Exercise goal.
Any images in the material are to be dropped while every line is retyped exactly.

Material for this exercise.
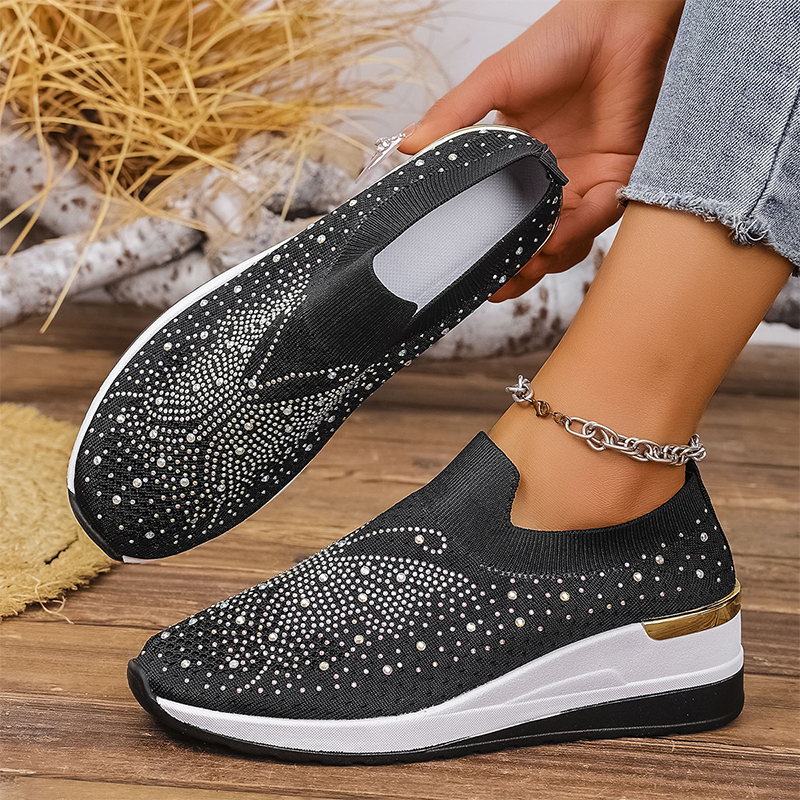 ✨👟 ¡OFERTA 50% OFF! Zapatillas con Pedrería – Comodidad y Brillo en Cada Paso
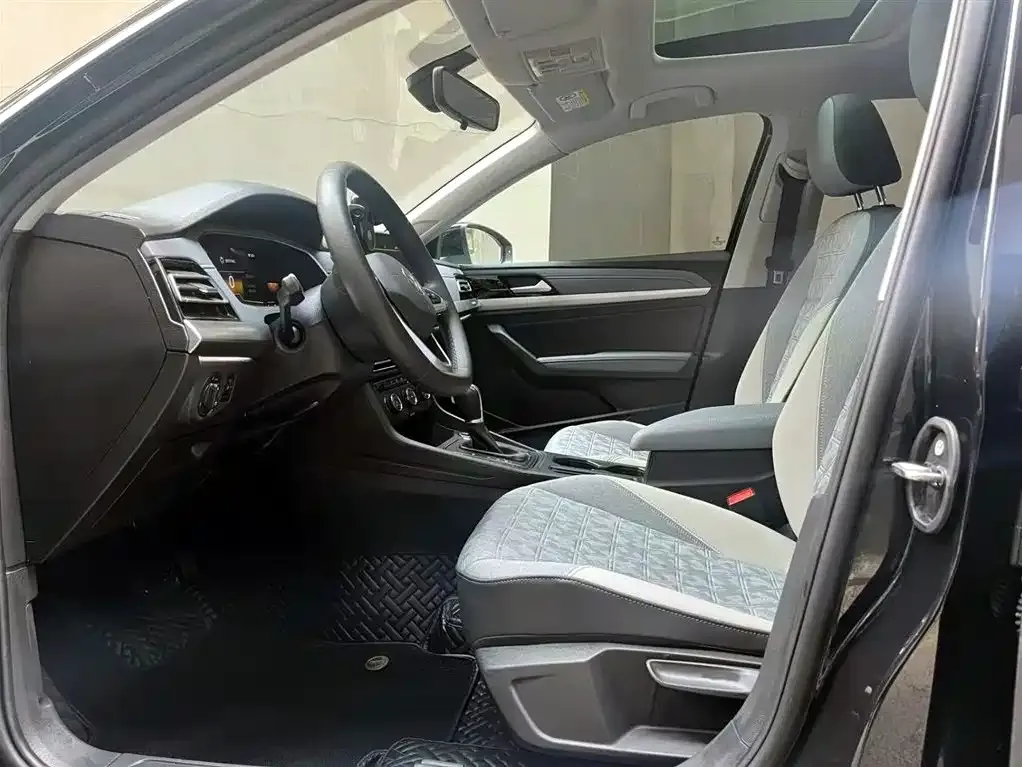 Volkswagen Lavida 2023 из CN, фото 4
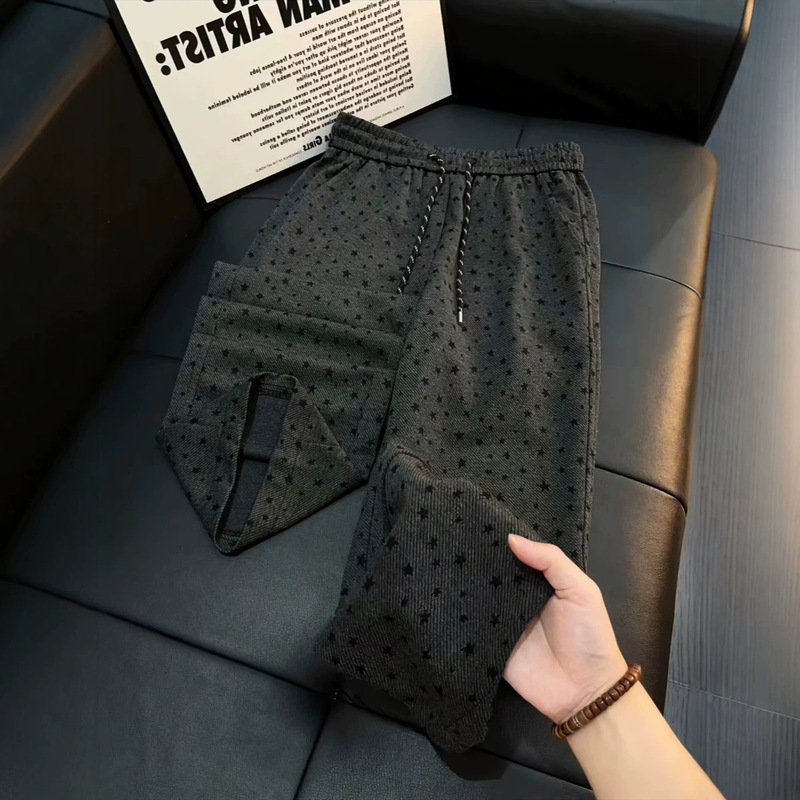 American-style twill star-patterned trousers for men, autumn collection, with a sophisticated and flowing drape, straight-leg, loose fit, slimming effect, and casual style American-style twill star-patterned trousers for men, autumn collection, with a sophisticated and flowing drape, straight-leg, loose fit, slimming effect, and casual style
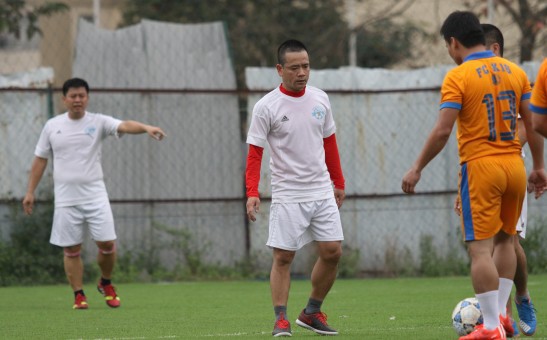 "Dị nhân" sân phủi Long "Lương": Nhạc nào cũng nhảy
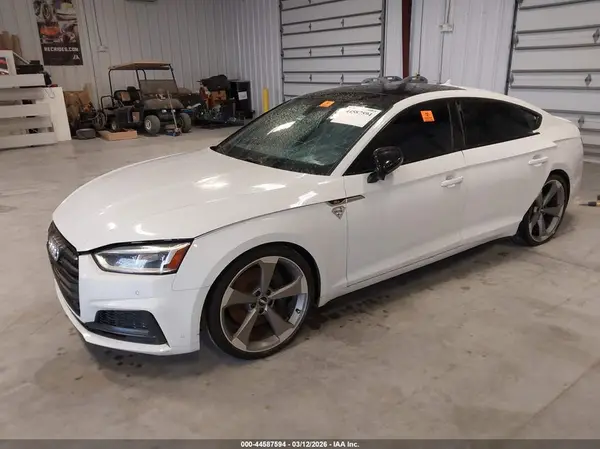WAUB4CF56KA099838 2019 AUDI S5 - Image 2
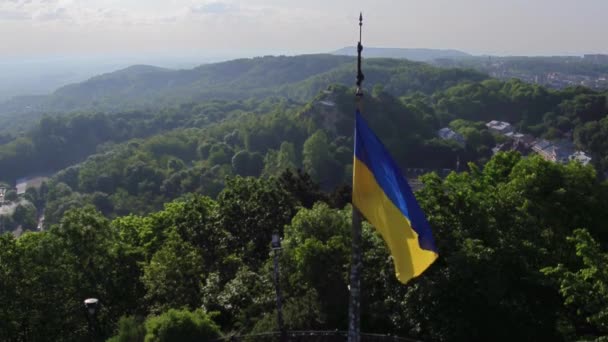 Aerial strzał ukraiński Flaga narodowa Latanie na szczycie piękna Panorama Lwowa. 4k — Wideo stockowe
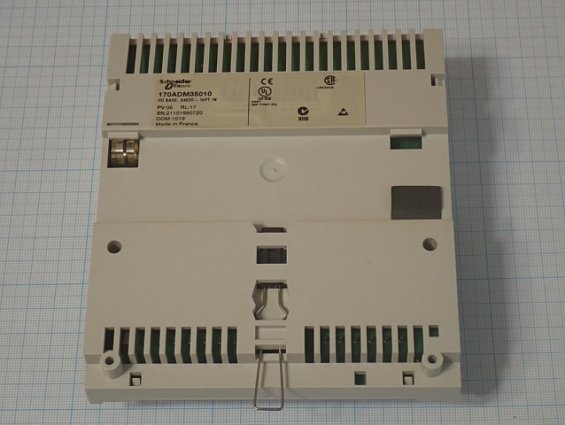 Модуль Schneider Electric 170ADM35010+170INT11000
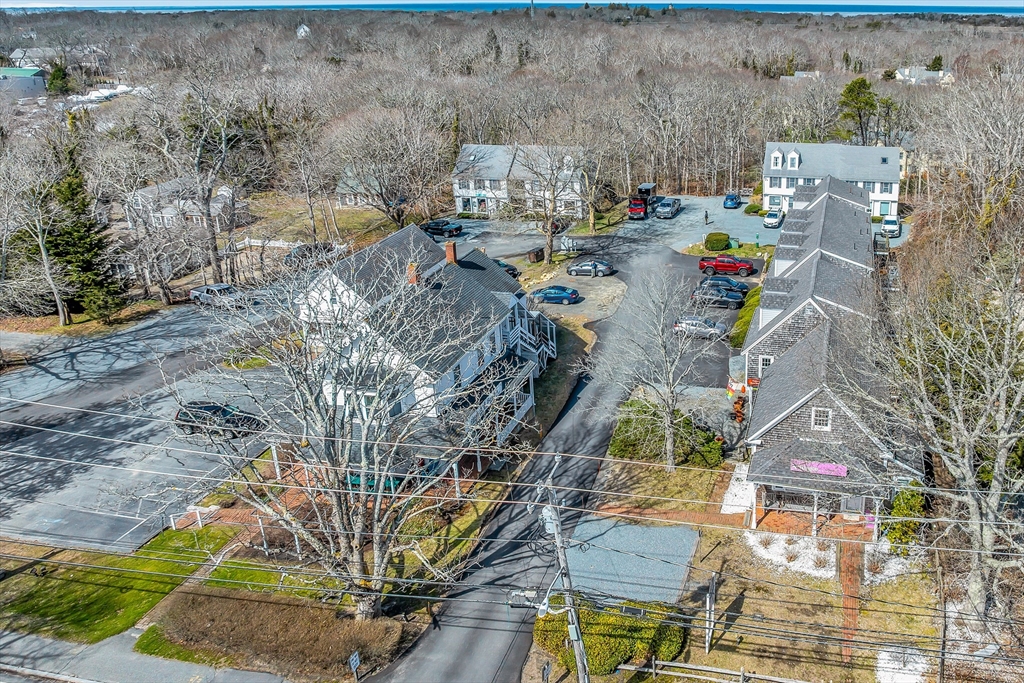 80-82 Cranberry Highway Property Photo 28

Solved problem.
 ✨👟 ¡OFERTA 50% OFF! Zapatillas con Pedrería – Comodidad y Brillo en Cada Paso
 Volkswagen Lavida 2023 из CN, фото 4
 American-style twill star-patterned trousers for men, autumn collection, with a sophisticated and flowing drape, straight-leg, loose fit, slimming effect, and casual style American-style twill star-patterned trousers for men, autumn collection, with a sophisticated and flowing drape, straight-leg, loose fit, slimming effect, and casual style
 "Dị nhân" sân phủi Long "Lương": Nhạc nào cũng nhảy
WAUB4CF56KA099838 2019 AUDI S5 - Image 2
 Aerial strzał ukraiński Flaga narodowa Latanie na szczycie piękna Panorama Lwowa. 4k — Wideo stockowe
 Модуль Schneider Electric 170ADM35010+170INT11000
 80-82 Cranberry Highway Property Photo 28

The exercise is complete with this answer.